* [Directions] Below are some records. Return exactly the lines from the one containing "Young handsome romantic" through the one containing "Pregnant woman holding", both included, and only those.

* [Exercise material]
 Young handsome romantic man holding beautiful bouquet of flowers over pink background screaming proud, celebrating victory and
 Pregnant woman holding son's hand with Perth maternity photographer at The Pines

* * *

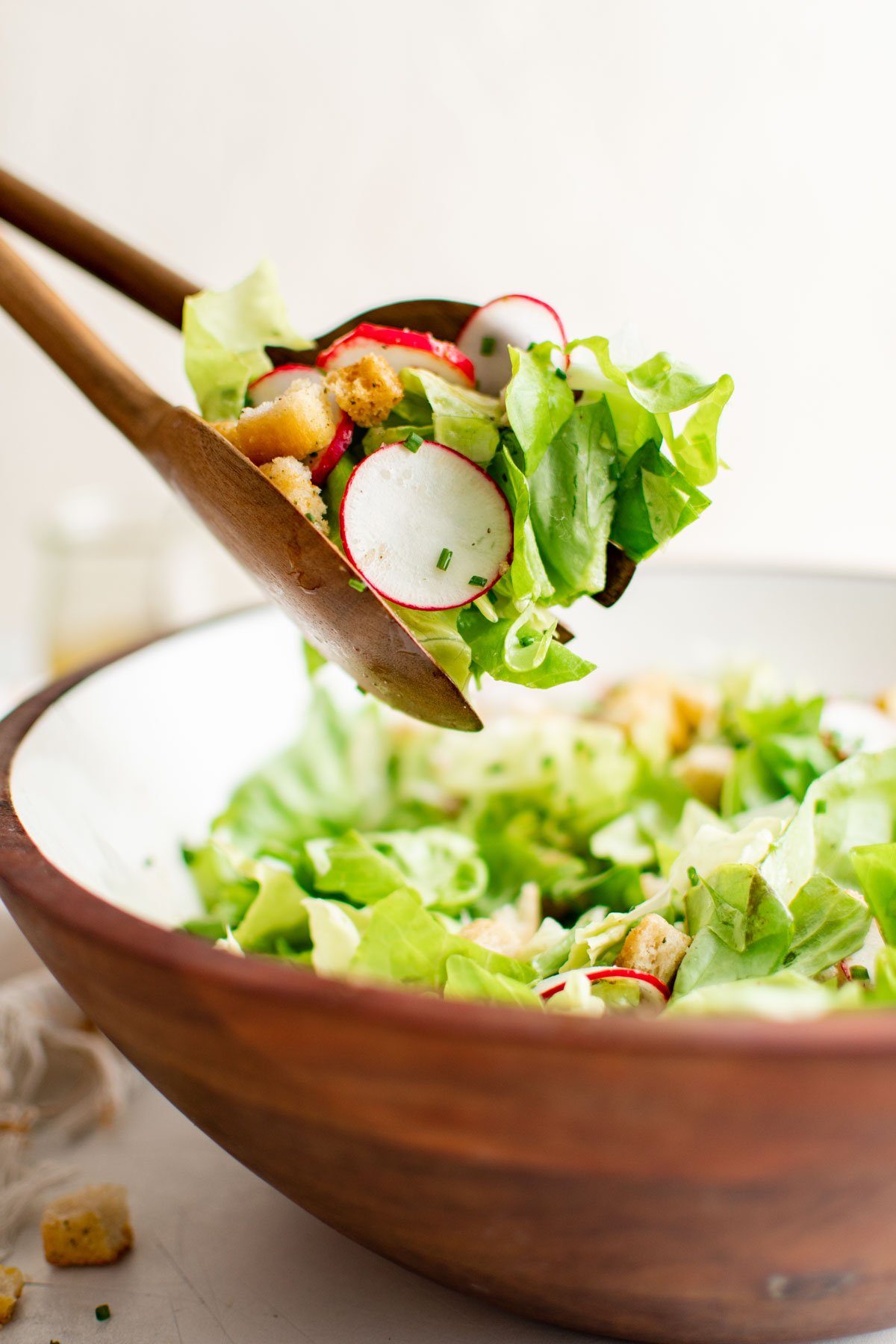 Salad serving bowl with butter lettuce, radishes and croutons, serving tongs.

--

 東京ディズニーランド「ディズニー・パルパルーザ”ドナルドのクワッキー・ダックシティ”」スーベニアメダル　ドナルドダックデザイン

* [Solution below]
 Young handsome romantic man holding beautiful bouquet of flowers over pink background screaming proud, celebrating victory and
 Pregnant woman holding son's hand with Perth maternity photographer at The Pines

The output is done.